- Location: Nishi, Osaka Prefecture, Japan
- Date: June 9, 2010 to July 31, 2010
- Attack type: Child abandonment, Murder, Starvation
- Deaths: 2
- Victim: Sakurako Hagi, 3, Kaede Hagi, 1
- Perpetrator: Sanae Shimomura
- Motive: To stop taking care of the children

= Osaka child abandonment case =

2010 child abandonment case in Japan

The Osaka child abandonment case was a case of child abandonment involving two abandoned children in Osaka, Japan. On June 9 2010, Sanae Shimomura, a 23-year-old Japanese single mother in Osaka, sealed the door of her apartment shut, abandoning 3-year-old daughter Sakurako Hagi and 1-year-old son Kaede Hagi inside. The children were locked inside for 50 days before being found dead.

== Background ==
Shimomura was raised in Yokkaichi, Mie Prefecture by her mother alongside her two siblings. Her mother was often absent, going out at leaving the children at home alone. Shimomura said that she often was left in dirty clothes and that the house was often covered with their dog's feces. When Shimomura was in first grade, her parents divorced, and her father took custody of Shimomura and her siblings.

In junior high, Shimomura was raped, and subsequently dropped out of school. She didn't tell her father about the incident.

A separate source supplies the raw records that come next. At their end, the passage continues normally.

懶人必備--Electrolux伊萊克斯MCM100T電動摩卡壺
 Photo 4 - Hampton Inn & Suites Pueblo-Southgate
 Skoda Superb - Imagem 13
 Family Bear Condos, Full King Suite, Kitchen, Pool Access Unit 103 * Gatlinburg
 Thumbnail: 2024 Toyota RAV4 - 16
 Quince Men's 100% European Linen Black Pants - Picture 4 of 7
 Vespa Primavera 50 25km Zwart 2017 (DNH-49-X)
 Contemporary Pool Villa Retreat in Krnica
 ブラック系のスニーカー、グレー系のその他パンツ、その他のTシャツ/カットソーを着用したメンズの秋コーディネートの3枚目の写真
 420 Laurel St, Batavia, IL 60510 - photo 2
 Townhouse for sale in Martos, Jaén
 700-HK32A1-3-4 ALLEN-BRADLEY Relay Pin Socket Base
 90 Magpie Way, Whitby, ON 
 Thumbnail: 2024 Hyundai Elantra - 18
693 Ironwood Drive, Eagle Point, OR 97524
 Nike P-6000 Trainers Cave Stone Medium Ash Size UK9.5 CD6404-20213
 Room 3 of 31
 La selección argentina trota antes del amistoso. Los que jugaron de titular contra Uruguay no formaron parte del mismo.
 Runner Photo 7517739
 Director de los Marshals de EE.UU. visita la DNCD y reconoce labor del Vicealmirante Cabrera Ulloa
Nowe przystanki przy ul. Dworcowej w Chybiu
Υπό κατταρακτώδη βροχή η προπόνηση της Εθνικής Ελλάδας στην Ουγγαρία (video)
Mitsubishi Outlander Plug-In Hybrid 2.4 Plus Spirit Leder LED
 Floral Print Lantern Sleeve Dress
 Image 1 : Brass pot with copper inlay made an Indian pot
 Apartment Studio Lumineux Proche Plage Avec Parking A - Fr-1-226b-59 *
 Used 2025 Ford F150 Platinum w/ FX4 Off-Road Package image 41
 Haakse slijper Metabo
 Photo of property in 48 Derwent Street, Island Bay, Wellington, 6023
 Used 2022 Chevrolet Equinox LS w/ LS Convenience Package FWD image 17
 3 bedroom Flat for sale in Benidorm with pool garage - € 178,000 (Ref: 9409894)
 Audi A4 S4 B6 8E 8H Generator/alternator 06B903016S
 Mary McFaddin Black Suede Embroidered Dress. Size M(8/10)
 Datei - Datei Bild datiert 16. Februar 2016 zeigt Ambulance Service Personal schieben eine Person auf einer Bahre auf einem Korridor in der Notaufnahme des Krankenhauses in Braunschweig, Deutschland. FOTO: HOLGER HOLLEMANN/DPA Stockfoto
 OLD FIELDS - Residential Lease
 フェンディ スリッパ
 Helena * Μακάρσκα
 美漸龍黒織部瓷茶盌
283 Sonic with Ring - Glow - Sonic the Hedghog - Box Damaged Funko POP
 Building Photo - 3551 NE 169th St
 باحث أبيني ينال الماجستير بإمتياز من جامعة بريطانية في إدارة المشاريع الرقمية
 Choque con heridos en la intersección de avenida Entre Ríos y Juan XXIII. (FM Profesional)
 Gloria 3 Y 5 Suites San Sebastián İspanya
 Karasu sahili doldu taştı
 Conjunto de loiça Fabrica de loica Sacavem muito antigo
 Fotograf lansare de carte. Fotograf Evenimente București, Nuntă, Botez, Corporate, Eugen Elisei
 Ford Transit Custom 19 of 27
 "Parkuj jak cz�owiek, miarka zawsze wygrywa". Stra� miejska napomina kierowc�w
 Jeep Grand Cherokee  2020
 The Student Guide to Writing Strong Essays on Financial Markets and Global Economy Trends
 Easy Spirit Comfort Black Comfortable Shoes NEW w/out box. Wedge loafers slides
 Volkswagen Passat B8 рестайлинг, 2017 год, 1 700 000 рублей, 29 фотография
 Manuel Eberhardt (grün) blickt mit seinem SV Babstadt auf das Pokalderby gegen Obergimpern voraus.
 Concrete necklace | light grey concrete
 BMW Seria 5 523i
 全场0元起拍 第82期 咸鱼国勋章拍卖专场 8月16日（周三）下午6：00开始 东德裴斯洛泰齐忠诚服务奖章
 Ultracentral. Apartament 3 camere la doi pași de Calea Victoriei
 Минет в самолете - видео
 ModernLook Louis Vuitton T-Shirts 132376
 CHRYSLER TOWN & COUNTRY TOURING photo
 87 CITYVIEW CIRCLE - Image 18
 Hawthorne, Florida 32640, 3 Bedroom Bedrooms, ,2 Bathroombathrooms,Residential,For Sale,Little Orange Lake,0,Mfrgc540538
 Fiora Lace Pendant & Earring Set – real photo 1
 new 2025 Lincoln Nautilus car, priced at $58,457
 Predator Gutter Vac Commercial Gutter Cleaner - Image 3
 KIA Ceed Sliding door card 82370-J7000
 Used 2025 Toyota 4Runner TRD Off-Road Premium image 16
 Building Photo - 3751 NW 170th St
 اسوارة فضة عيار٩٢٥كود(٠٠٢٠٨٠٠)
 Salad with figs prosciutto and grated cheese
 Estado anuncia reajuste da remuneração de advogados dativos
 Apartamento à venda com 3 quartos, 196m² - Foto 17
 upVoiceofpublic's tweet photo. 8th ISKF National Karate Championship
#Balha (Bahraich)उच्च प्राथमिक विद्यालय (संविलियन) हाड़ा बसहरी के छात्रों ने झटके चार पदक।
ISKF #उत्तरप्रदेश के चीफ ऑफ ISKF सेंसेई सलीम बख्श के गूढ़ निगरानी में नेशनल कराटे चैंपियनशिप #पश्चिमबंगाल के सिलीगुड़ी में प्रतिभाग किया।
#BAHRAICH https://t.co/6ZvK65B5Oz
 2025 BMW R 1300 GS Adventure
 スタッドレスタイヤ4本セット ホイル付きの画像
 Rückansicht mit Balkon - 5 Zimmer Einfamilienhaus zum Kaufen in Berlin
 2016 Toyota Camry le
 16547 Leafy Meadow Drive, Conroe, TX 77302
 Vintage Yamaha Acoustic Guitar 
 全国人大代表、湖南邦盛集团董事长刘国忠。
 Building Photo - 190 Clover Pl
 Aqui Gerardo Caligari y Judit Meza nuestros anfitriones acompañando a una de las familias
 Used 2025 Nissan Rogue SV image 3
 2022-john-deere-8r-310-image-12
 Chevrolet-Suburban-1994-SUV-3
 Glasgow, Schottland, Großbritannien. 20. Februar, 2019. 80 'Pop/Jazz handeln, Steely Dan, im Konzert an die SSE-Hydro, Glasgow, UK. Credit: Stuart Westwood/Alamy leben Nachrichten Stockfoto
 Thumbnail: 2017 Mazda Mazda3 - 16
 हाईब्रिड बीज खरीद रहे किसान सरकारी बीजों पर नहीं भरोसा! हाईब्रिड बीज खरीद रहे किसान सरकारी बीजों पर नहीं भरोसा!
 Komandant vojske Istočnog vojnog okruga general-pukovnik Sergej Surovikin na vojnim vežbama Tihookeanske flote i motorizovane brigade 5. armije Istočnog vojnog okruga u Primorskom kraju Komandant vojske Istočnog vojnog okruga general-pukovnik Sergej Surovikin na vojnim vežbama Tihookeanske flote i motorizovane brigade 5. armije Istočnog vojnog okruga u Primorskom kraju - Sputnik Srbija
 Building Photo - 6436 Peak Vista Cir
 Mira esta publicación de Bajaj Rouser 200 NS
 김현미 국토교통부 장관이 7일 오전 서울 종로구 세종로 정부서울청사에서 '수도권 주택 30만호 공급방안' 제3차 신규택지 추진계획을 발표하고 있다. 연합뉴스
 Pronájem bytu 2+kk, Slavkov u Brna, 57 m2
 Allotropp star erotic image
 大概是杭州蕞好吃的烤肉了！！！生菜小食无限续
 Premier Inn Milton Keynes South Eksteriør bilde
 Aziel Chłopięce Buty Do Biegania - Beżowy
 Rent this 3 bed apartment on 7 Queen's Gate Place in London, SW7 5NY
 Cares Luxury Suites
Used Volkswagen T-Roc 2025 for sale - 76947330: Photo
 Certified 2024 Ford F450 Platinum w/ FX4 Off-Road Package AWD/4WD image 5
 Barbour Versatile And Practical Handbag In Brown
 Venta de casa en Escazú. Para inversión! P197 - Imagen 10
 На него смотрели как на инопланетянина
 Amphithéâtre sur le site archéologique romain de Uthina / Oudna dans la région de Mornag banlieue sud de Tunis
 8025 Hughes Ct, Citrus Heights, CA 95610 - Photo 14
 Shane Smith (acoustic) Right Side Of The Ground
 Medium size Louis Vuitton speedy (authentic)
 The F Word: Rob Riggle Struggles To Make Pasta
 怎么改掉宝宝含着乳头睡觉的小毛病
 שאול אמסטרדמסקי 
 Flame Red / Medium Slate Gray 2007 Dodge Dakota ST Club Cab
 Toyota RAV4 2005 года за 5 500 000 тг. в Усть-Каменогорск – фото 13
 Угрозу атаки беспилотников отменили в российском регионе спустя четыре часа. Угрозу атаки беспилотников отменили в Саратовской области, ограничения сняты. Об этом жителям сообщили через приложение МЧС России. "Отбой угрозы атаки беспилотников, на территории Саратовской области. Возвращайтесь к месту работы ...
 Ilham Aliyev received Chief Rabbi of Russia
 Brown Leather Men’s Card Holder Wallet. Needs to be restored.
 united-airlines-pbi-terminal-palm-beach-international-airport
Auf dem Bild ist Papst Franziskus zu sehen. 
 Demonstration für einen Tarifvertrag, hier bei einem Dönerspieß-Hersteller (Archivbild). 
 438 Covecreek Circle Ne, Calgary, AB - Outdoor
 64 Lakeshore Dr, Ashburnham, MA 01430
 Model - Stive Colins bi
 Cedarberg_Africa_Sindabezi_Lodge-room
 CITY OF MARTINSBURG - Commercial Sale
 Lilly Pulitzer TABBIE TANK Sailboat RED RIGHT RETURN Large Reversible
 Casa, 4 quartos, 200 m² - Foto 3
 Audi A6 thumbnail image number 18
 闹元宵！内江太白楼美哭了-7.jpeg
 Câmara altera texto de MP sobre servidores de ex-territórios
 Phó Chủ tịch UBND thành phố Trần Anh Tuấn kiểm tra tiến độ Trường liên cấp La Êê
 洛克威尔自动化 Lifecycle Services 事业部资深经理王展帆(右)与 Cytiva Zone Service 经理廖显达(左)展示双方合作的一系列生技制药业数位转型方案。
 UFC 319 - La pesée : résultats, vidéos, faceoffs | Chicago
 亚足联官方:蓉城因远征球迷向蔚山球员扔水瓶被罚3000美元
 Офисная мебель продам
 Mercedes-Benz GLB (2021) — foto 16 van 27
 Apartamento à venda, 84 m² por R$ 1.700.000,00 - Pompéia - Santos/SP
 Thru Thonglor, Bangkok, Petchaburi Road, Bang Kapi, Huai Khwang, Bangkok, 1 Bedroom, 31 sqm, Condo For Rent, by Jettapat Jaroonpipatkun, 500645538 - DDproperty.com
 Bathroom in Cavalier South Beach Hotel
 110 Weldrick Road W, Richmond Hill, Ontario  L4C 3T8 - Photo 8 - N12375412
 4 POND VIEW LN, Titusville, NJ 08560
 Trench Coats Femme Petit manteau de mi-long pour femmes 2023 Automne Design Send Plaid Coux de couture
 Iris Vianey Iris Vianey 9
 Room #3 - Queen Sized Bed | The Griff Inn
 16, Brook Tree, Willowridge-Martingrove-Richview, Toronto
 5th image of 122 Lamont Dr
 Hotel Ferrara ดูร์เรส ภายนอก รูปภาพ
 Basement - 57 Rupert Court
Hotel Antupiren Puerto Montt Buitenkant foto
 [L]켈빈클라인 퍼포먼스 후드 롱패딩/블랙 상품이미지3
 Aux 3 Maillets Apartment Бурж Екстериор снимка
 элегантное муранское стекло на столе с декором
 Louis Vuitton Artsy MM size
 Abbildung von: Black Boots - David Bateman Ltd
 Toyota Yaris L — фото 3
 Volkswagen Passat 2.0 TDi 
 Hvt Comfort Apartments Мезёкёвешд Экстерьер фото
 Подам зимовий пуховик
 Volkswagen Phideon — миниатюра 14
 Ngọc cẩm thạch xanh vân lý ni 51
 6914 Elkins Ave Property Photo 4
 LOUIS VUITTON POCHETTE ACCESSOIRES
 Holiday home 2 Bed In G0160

Shimomura later married and had two children. They later divorced with Shimomura raising the children alone without any form of financial support from her ex-husband.

== Abandonment ==
Neighbors reported children crying in the apartment on March 3, April 8, and May 18, the last call prompting a police officer to visit the building, but he left without intervention after being unable to hear the children crying. Since Shimomura did not come to work for several days, a colleague went to her place and noticed a strange smell beyond the door. When the police entered the apartment, they found the two children dead. Social workers had attempted to stop by the apartment several times over the course of the children's confinement, but never found anyone home. The apartment was in a lively, populated area, but nobody knew that the children were confined.

Shimomura was arrested on 30 July 2010. Following her arrest, she underwent a psychological evaluation before being formally charged on 4 February 2011. She was reported to have wanted free time for herself and was quoted as saying that she had grown "tired of feeding and bathing" her two children. She denied intending to kill the children. She was sentenced to 30 years in prison for the murders. As of 2025, Shimomura remains imprisoned.

==See also==

- Rie Fujii, concerning a very similar incident involving two children abandoned in an apartment in Calgary, Canada.
- Sugamo child abandonment case, a similar incident that took place in a neighborhood near Tokyo, Japan.